Volume 690: debated on Tuesday 9 March 2021

Extension of temporary regulations to support children’s social care during the coronavirus (covid-19) pandemic.

Throughout the coronavirus (covid-19) pandemic, the Government have consistently put protecting the most vulnerable at the forefront of our actions. The duties to our most vulnerable children, which are set out in primary legislation, all remain in place. This statutory framework enables the most effective support and protection to children and their families, by local authorities, local safeguarding partners and other services. However, the impact of the coronavirus (covid-19) pandemic, has required the Government to introduce a number of amendments to secondary legislation to ensure that children and families can be supported in the best way possible despite the restrictions in place across society.

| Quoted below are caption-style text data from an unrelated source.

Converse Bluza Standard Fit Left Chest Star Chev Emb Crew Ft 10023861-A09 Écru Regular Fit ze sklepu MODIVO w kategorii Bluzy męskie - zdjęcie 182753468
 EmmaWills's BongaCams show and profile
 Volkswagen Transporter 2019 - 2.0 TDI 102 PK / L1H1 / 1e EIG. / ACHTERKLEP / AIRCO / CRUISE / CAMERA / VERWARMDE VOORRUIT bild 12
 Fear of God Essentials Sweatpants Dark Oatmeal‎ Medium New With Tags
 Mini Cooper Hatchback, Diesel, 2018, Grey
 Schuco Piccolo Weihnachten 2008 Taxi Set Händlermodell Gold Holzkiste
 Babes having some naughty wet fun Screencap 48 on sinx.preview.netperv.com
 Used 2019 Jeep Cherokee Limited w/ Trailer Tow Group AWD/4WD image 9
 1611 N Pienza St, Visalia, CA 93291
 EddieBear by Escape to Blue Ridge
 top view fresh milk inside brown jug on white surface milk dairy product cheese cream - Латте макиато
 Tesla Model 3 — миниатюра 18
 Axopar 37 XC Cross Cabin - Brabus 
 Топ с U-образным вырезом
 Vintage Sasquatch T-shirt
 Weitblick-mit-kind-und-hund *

At the beginning of the pandemic, the Government introduced a series of temporary changes to the Adoption and Children (Coronavirus) (Amendment) Regulations to support children’s social care services. These changes provided flexibilities to local authorities and other children’s social care settings, in the event that services suffered from high levels of staff absence or an increased need for services supporting vulnerable children. We made no amendments to primary legislation, and the vast majority of statutory duties in secondary legislation remained unchanged.

Over the summer we reviewed these flexibilities and decided that only a small number continued to be needed. Following a consultation, a second set of regulations with fewer flexibilities—the Adoption and Children (Coronavirus) (Amendment) (No.2) Regulations—came into force in September 2020. These are due to lapse on 31 March 2021.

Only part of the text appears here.